History 2A: The Social and Cultural History of Europe, 1500-2000 HIST2016

  • Academic Session: 2023-24
  • School: School of Humanities
  • Credits: 20
  • Level: Level 2 (SCQF level 8)
  • Typically Offered: Semester 1
  • Available to Visiting Students: Yes

Short Description

This course will explore key features of 'modern' European societies and the nature of modernity. Students will explore ways historians make sense of change over time by looking more closely at various aspects of everyday life, including consumption, social identity, labour, power, gender, race, protest, violence, religion and ideology, the body, nationalism, empire, crime and social control.


Tuesday, Wednesday and Thursday from 11am - 12noon [lectures] and seminars held as scheduled in the course handout

Requirements of Entry

A grade D3 or above in History 1A or History 1B, or at the discretion of Head of History.

Excluded Courses





Exam (90 minutes) - 60%

Essay (1,500 words) - 20%

Seminar Presentation (800 words equivalent) - 10%

Seminar Participation - 10%

Main Assessment In: December

Are reassessment opportunities available for all summative assessments? No

Reassessments are normally available for all courses, except those which contribute to the Honours classification. For non-Honours courses, students are offered reassessment in all or any of the components of assessment if the satisfactory (threshold) grade for the overall course is not achieved at the first attempt. This is normally grade D3 for undergraduate students and grade C3 for postgraduate students. Exceptionally it may not be possible to offer reassessment of some coursework items, in which case the mark achieved at the first attempt will be counted towards the final course grade.
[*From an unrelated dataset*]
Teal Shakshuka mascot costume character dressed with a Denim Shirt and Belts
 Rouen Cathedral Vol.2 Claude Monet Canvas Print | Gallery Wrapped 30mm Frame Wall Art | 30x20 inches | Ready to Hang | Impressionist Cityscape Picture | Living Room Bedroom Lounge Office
Any such exceptions for this course are described below. 


Seminar participation (10%) and Seminar Presentation (10%)

Course Aims

The course will provide the opportunity to:

■ Gain an understanding of significant aspects of the social and cultural history of European and other societies in the period 1500-2000, exploring ways historians might make sense of change over time by looking more closely at various aspects of everyday life;

■ Improve critical and evaluative skills in the handling of a variety of primary and secondary sources, and as wide a range of evidence as possible, enabling progress to Honours in History;

■ Broaden awareness of a range of historical methods, historiography, interdisciplinarity and theory; 

■ Enhance confidence and independence of judgement in dealing with conflicting interpretations of major issues;

■ Improve presentational and analytical skills through assessed essays, seminar papers, discussion, and group work.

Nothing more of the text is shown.